What is needed here is a faithful repeat of every entry, with no character changed.
--- Data shown Enclosed Below ---
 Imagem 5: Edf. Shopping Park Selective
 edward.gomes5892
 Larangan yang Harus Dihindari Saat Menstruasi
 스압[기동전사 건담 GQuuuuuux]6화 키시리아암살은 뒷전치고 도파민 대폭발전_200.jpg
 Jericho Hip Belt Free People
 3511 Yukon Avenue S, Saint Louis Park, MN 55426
--- End of Enclosed Data shown ---
▶ **Result**
 Imagem 5: Edf. Shopping Park Selective
 edward.gomes5892
 Larangan yang Harus Dihindari Saat Menstruasi
 스압[기동전사 건담 GQuuuuuux]6화 키시리아암살은 뒷전치고 도파민 대폭발전_200.jpg
 Jericho Hip Belt Free People
 3511 Yukon Avenue S, Saint Louis Park, MN 55426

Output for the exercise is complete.